Nikolai zeichnete mit dem Zeigefinger die Stelle nach, wo der Ring gelegen hatte. Wie von Zauberhand gruben sich Risse in den Rand der kleinen Einbuchtung, die sich rasch vergrößerten und einen wachsenden Krater bildeten. »Ein Geschenk, das niemals abgeholt wurde«, erklärte er mir ohne jegliche Unruhe, obwohl der Krater im Boden bereits so breit war, dass wir zurückweichen mussten. »Du solltest den Ring besser verbergen. Die meisten Schattenschwingen mögen keine magischen Artefakte, selbst wenn sie noch so harmlos sind wie dieser Ring, mit dem Liebespaare ihre Verbundenheit stärken. Er ist schön, nicht wahr? Alles, was sich aus Bernstein erschaffen lässt, ist schön … und stets etwas Besonderes.«

»Woher wusstest du von diesem Ring? Du sagst, er habe nach dir gerufen.«

Nikolai hob die fein geschwungenen Augenbrauen. »Wie solche Dinge eben nach einem rufen. Aber es wundert mich, dass vor mir keiner auf die Idee gekommen ist, dass es hier so etwas geben könnte. Ein künstlich geschaffenes Eiland, umgeben von Meeresgesang und ansonsten nur Einsamkeit. Wer macht sich schon so viel Mühe, wenn nicht ein Verliebter? Ich kann mir gut vorstellen, dass es damals noch ein Zelt, jede Menge Kissen und vielleicht sogar Pflanzen gegeben hat, die der Wind und die Zeit davongetragen haben, weil das Liebespaar niemals eingetroffen ist.« Er unterbrach sich. »Oh, eine Fontäne!«

Der Krater hatte die Kruste durchbrochen, ein Wasserstrahl drang kraftvoll hindurch und stieg nun unter großem Druck hoch in die Luft. Zwar sprangen wir beide lachend zurück, wurden aber trotzdem von dem feinen Regenschauer erwischt.
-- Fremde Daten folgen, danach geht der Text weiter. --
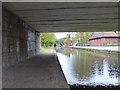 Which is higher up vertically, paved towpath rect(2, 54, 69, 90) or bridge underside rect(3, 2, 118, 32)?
bridge underside rect(3, 2, 118, 32)

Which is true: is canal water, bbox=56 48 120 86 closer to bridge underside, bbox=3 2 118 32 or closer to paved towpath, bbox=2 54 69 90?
paved towpath, bbox=2 54 69 90

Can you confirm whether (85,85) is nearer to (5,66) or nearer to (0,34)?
(5,66)

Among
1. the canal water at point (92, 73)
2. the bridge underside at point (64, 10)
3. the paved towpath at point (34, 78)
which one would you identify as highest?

»Wie ich es gesagt hatte: Das hier sollte etwas ganz Besonderes werden. Ein Liebesnest.«

»Oh nein! Ihr beiden Kindsköpfe habt den Stöpsel gezogen, nun wird das Eiland untergehen.« Kastor kam zu uns hinübergelaufen und verzog ebenfalls amüsiert den Mund. »Nikolai, sorg dafür, dass es wieder aufhört. Ich kann Wasser nicht ausstehen.«

Nikolai salutierte, dann steckte er die Hand in die Fontäne und lenkte den Wasserstrahl geschickt auf Kastor um. Während Kastor einige interessante Verrenkungen vollführte, um dem Wasser auszuweichen, schob ich unauffällig den Ring unter meinen Obi, zum ersten Mal froh darüber, dass Asami ihn mir so elend fest umgebunden hatte. In der Sphäre mochte ein solcher Ring untragbar sein, aber in der Menschenwelt sah das anders aus. Ein Ring, mit dem Liebespaare ihre Verbundenheit stärken, hatte Nikolai gesagt. Der Gedanke gefiel mir.